◆ **About this exercise**
Please give the entries below again exactly, omitting every picture.

※

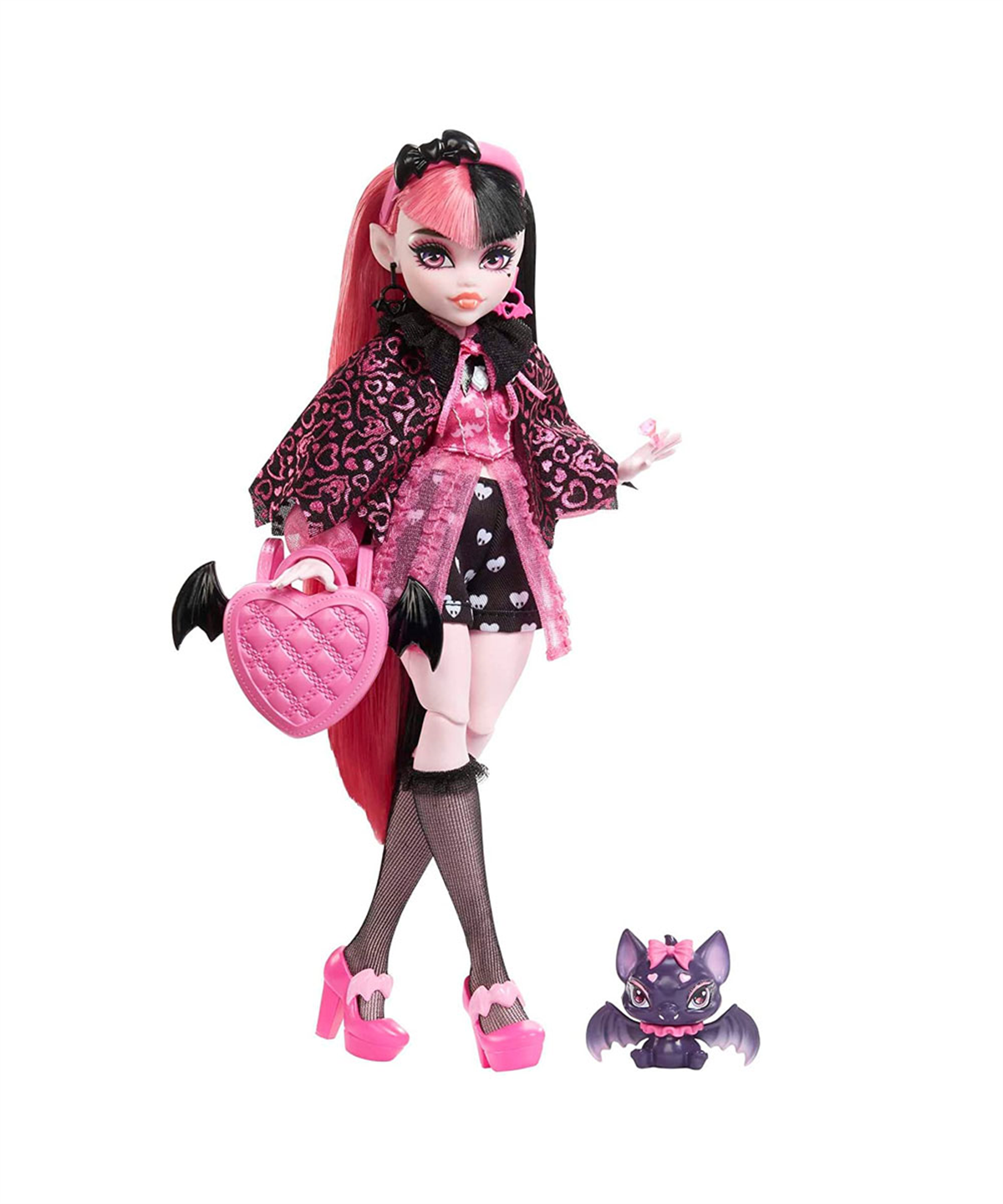 Kolleksiyon Karakterleri, Monster High, Monster High Ana Karakter Bebekler HPD53 HHK51 Draculaura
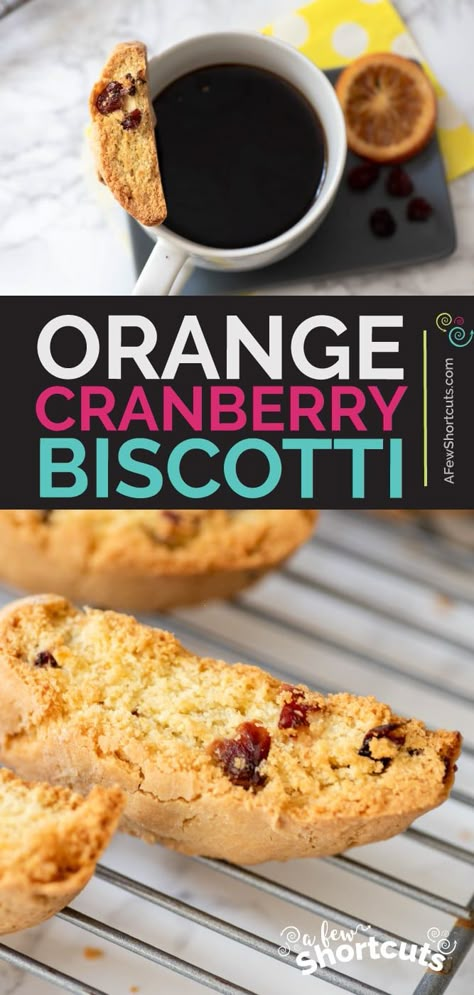 Orange Biscotti Recipe, Cranberry Biscotti Recipe, Cranberry Orange Biscotti, Orange Biscotti, Cranberry Biscotti, Short Bread, The Cookie Rookie, Orange Cranberry, Cookie Rookie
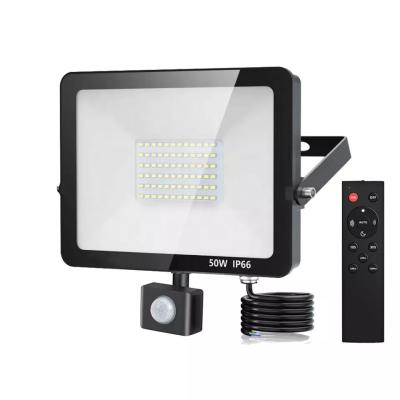 China High Lumen Outdoor PIR LED Flood Light 30W Remote Control for sale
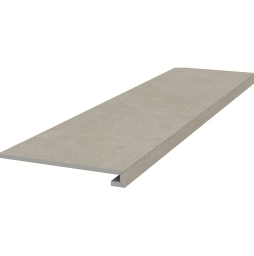 Ступень клееная фронтальная KERAMA MARAZZI Касабланка HP серый светлый обрезная, 1195*330*9 мм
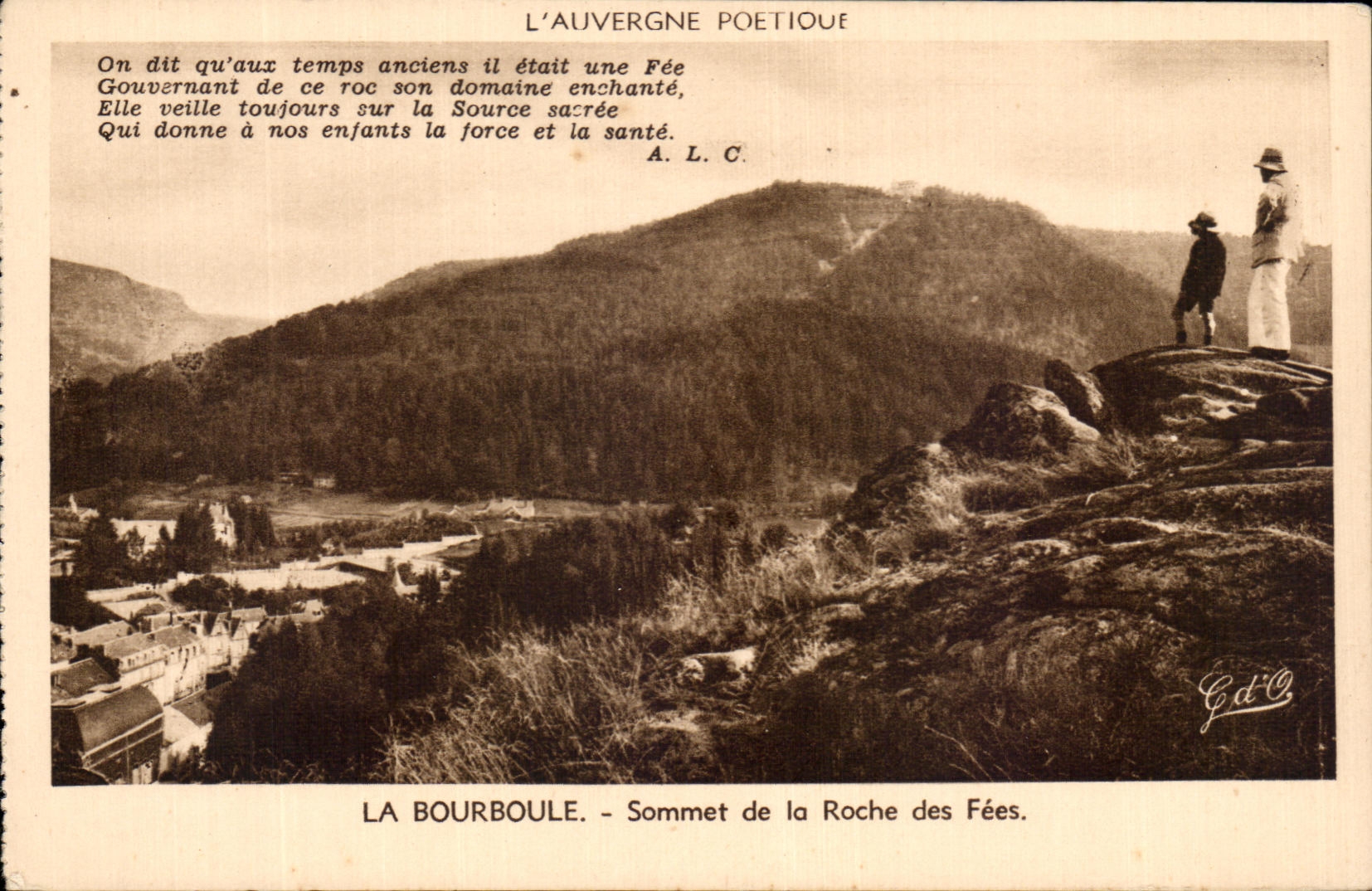 CPA Bourboule Summit of the Rock of the Fairies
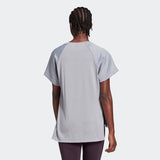 Adidas Womens Glam On Aeroready Tee - Glory Grey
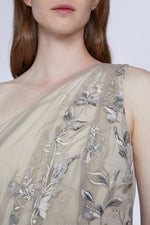 One-shoulder Lace Midi Dress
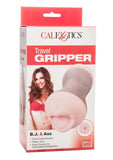 Travel Gripper BJ And Ass Masturbator Pink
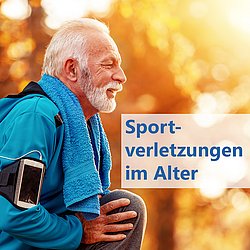 Älterer Herr beim Sport im Park
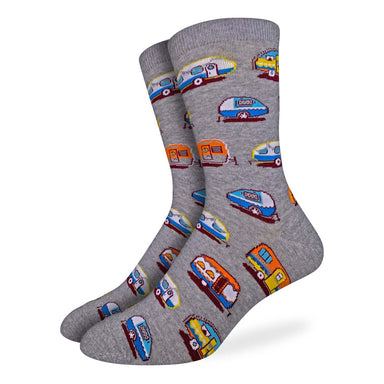 Good Luck Sock | Men's Crew | Happy Campers - Oscar & Libby's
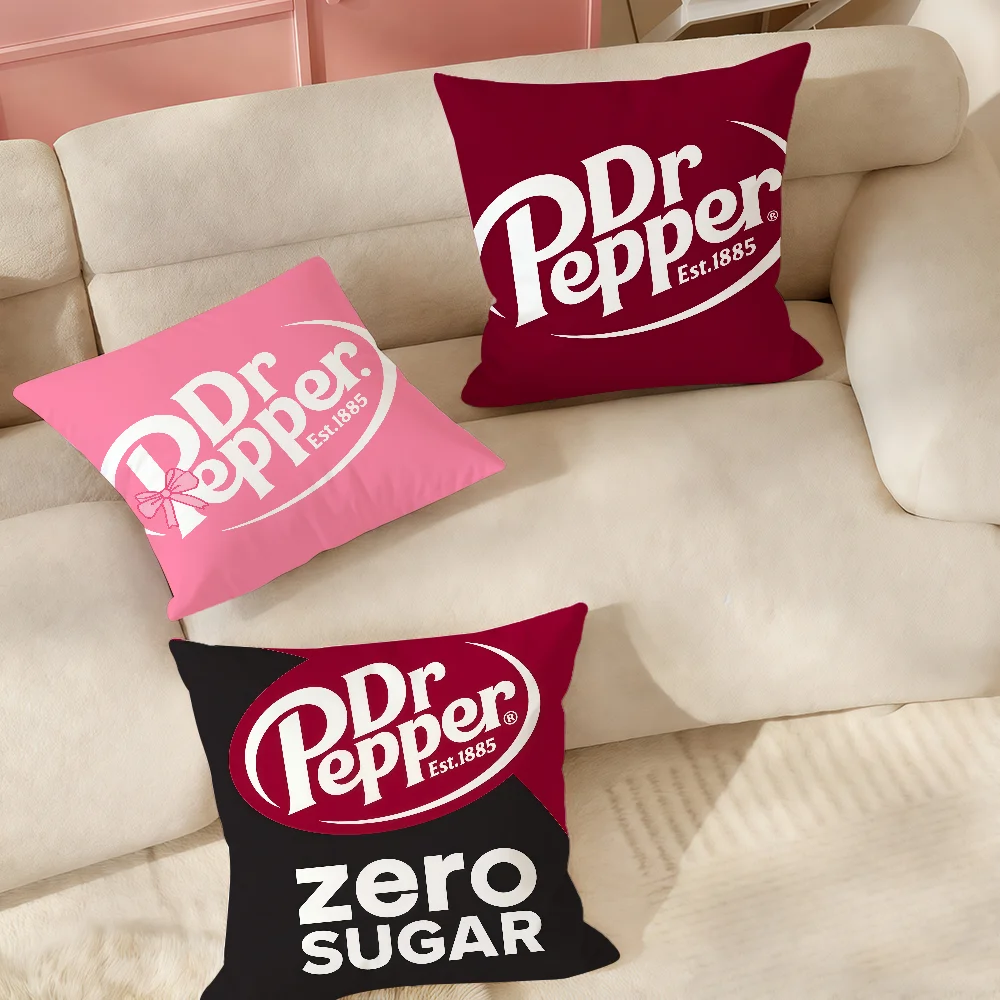 Fashion Print D-Dr. P-pepper Pillow Case Suitable For Bedrooms Living Rooms Cars Home Decoration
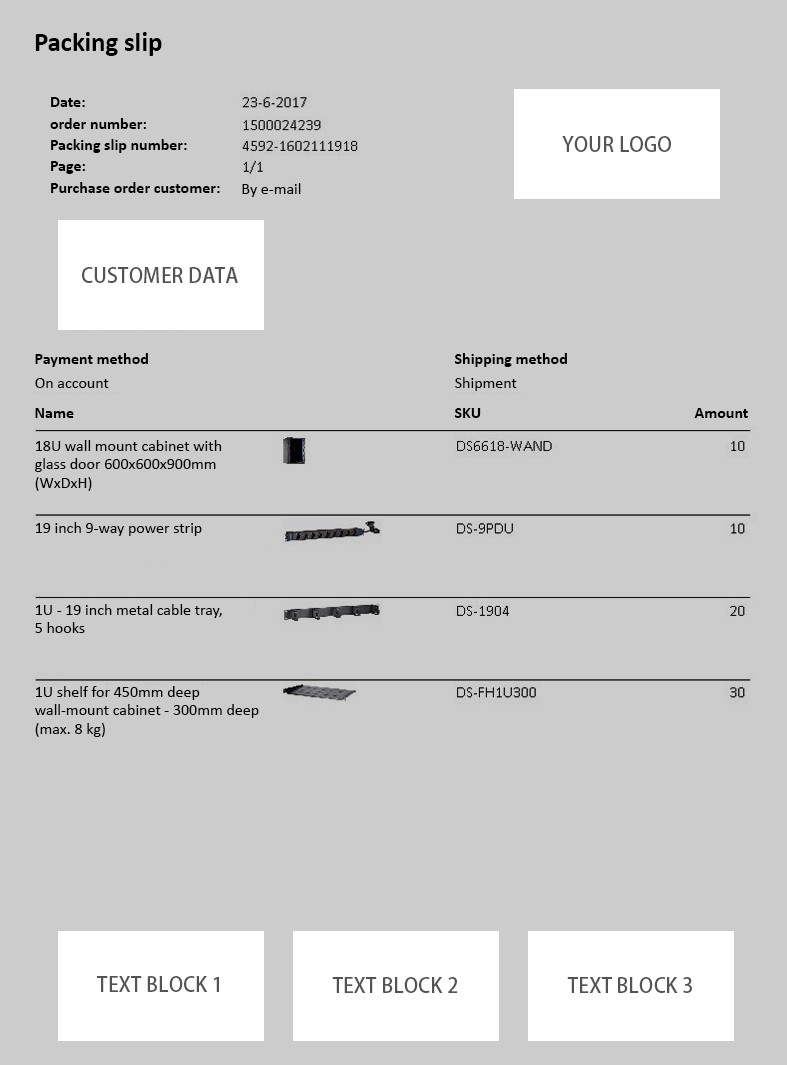 create a customer specific packing slip for your orders create a packing slip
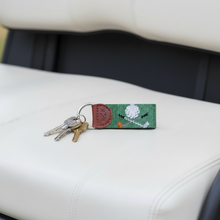 Load image into Gallery viewer, S&amp;B Key Fob Golf Clubs Green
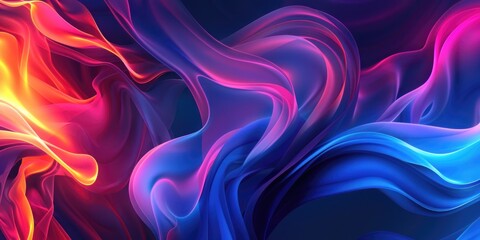 Obraz premium Vibrant abstract banner with colorful flowing patterns abstract background copy space concept of art creativity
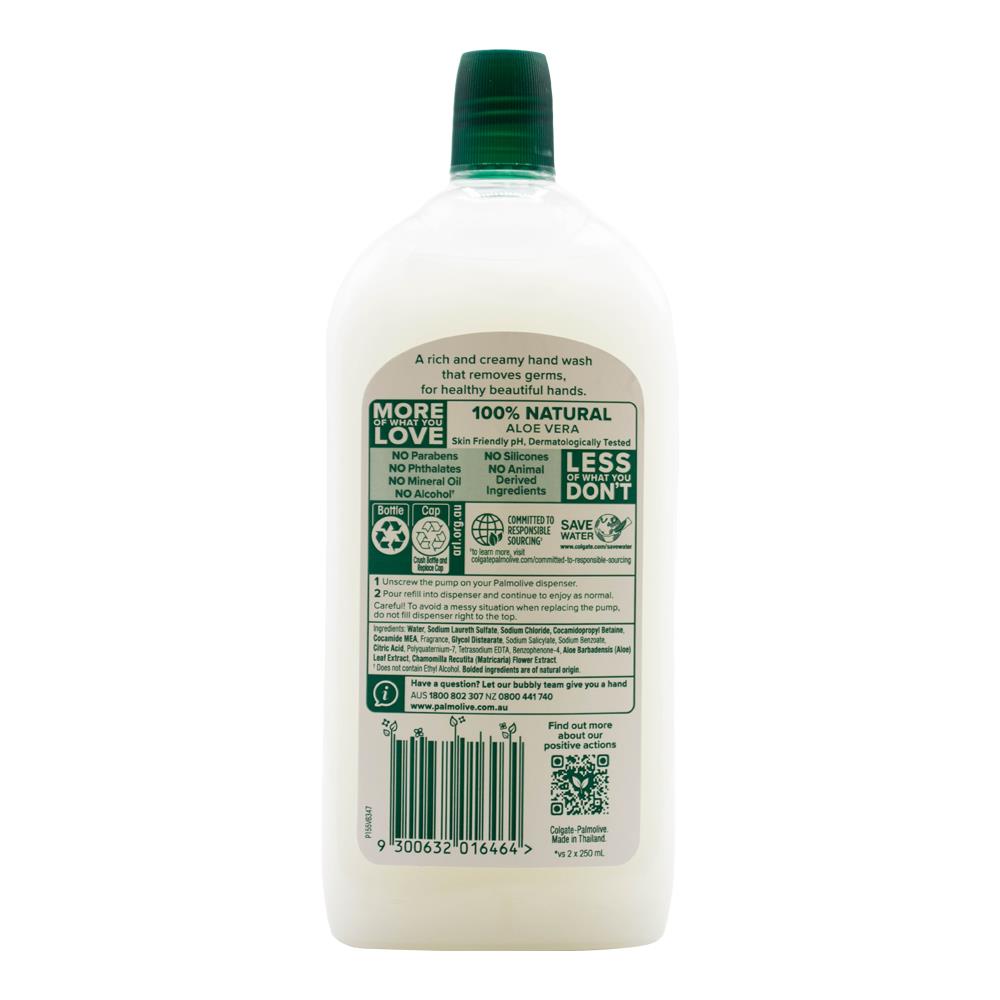 Palmolive Hand Wash Refill Softening Aloe Vera & Chamomile 500ml (6 Pack)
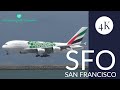 1+ hour of 4K plane spotting @ San Francisco SFO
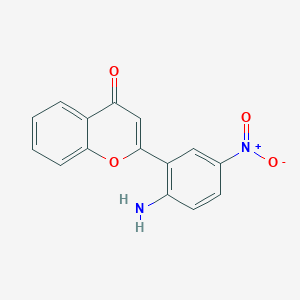 molecular formula C15H10N2O4 B11844592 2-(2-Amino-5-nitrophenyl)-4H-chromen-4-one CAS No. 55361-92-7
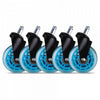 L33T Gaming L33T Gaming 160529 3inch Gummi Casters, Blue, 5pcs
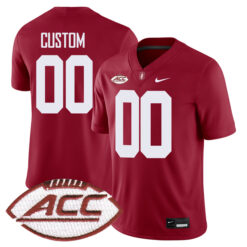 Custom Stanford Cardinal Football Cardinal Game Stitched Jersey w/ ACC Patch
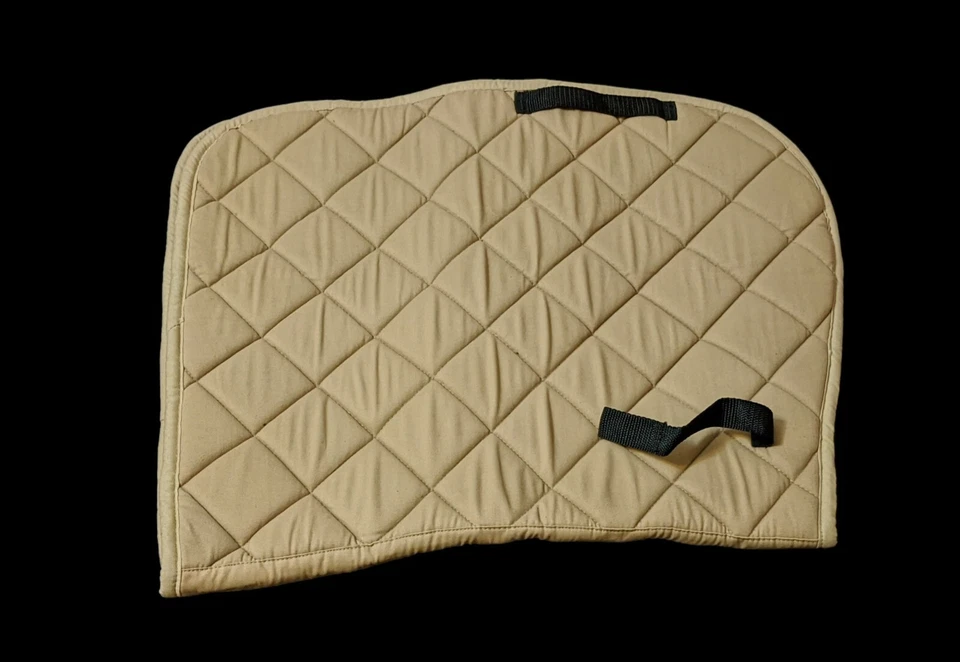 Almohadilla para silla de montar a caballo | Almohadilla para silla de montar inglesa completa equina | Color caqui y negro Foto 3 de 4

※

◆ **Task solution**
 Kolleksiyon Karakterleri, Monster High, Monster High Ana Karakter Bebekler HPD53 HHK51 Draculaura
 Orange Biscotti Recipe, Cranberry Biscotti Recipe, Cranberry Orange Biscotti, Orange Biscotti, Cranberry Biscotti, Short Bread, The Cookie Rookie, Orange Cranberry, Cookie Rookie
 China High Lumen Outdoor PIR LED Flood Light 30W Remote Control for sale
 Ступень клееная фронтальная KERAMA MARAZZI Касабланка HP серый светлый обрезная, 1195*330*9 мм
 CPA Bourboule Summit of the Rock of the Fairies
 Adidas Womens Glam On Aeroready Tee - Glory Grey
 One-shoulder Lace Midi Dress
 Travel Gripper BJ And Ass Masturbator Pink
 Älterer Herr beim Sport im Park
 Good Luck Sock | Men's Crew | Happy Campers - Oscar & Libby's
 Fashion Print D-Dr. P-pepper Pillow Case Suitable For Bedrooms Living Rooms Cars Home Decoration
 create a customer specific packing slip for your orders create a packing slip
 Load image into Gallery viewer, S&amp;B Key Fob Golf Clubs Green
 Obraz premium Vibrant abstract banner with colorful flowing patterns abstract background copy space concept of art creativity
 Palmolive Hand Wash Refill Softening Aloe Vera & Chamomile 500ml (6 Pack)
 1+ hour of 4K plane spotting @ San Francisco SFO
 molecular formula C15H10N2O4 B11844592 2-(2-Amino-5-nitrophenyl)-4H-chromen-4-one CAS No. 55361-92-7
 L33T Gaming L33T Gaming 160529 3inch Gummi Casters, Blue, 5pcs
 Custom Stanford Cardinal Football Cardinal Game Stitched Jersey w/ ACC Patch
 Almohadilla para silla de montar a caballo | Almohadilla para silla de montar inglesa completa equina | Color caqui y negro Foto 3 de 4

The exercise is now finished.